Bloqueio de contas por dívida passa por mudança no Sisbajud. Caixa, BB, Itaú, Nubank e XP entram no piloto do CNJ, com resposta em até duas horas e bloqueio ativo por até um ano.
Pessoa consulta aplicativo bancário em matéria sobre bloqueio de contas por dívida pelo novo Sisbajud do CNJ
Novo Sisbajud acelera bloqueio de contas por dívida em bancos do projeto-piloto do CNJ. (Imagem editorial)

O bloqueio de contas por dívida entrou em uma fase mais rápida no Judiciário brasileiro no último dia 11 de maio, quando o Conselho Nacional de Justiça (CNJ) assinou o acordo que iniciou o projeto-piloto do novo Sisbajud. O sistema é usado por juízes para localizar, bloquear, desbloquear e transferir dinheiro em processos judiciais.

A escolha de Caixa, Banco do Brasil, Itaú, Nubank e XP dá peso à fase inicial porque reúne bancos públicos, instituição privada, banco digital e plataforma de investimentos. O teste, portanto, não fica restrito a um único perfil de cliente, conta ou relação financeira.

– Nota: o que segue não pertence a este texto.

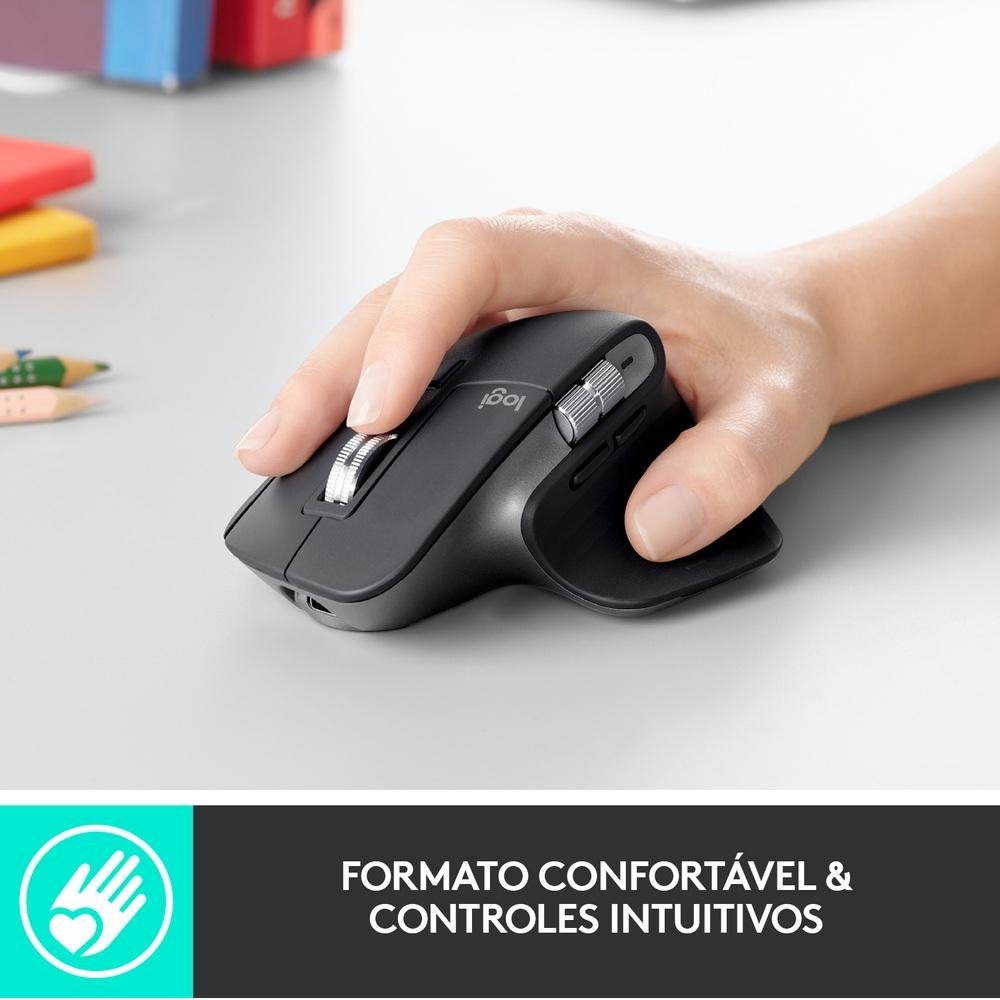 Mouse sem fio Logitech MX Master 3 com Sensor Darkfield para Qualquer Superfície, USB Unifying ou Bluetooth, Recarregável - 910-005647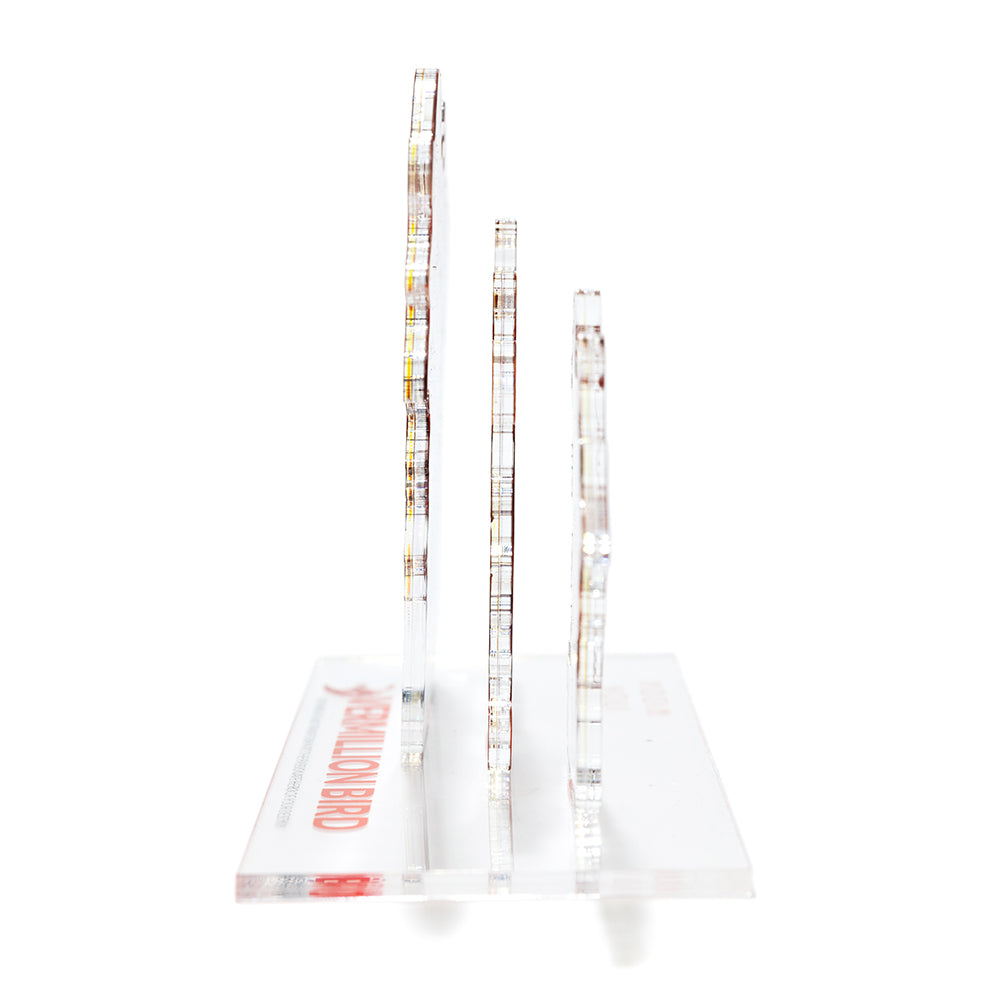 Side view of Vermillion Bird Standee to demonstrate acrylic thickness.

Para o Judiciário, o ganho está na comunicação automatizada com as instituições. Para os bancos, a mudança exige resposta mais rápida e padronizada. Já para o devedor, o ponto sensível é que o bloqueio de dinheiro em conta reduz a margem de reação, pode atingir valores no mesmo dia da ordem e deixa de ser apenas uma tentativa sobre o saldo disponível no momento.

Novo Sisbajud reduz tempo de reação após decisão judicial

A principal mudança é o encurtamento do intervalo entre decisão e bloqueio. Antes, a efetividade dependia mais do tempo de processamento entre tribunais e instituições financeiras. Agora, as ordens entram em duas janelas diárias e podem ter resposta em poucas horas.

Isso altera a estratégia de cobrança. Em execuções judiciais, a demora entre a ordem e a resposta bancária abria espaço para retirada de recursos, transferência para terceiros ou reorganização de saldos. O novo modelo reduz essa brecha.

O impacto é maior em casos nos quais o devedor movimenta caixa com frequência. Empresas com litígios, pessoas físicas com cobranças em andamento e negócios com dívidas judicializadas passam a enfrentar maior risco de bloqueio rápido.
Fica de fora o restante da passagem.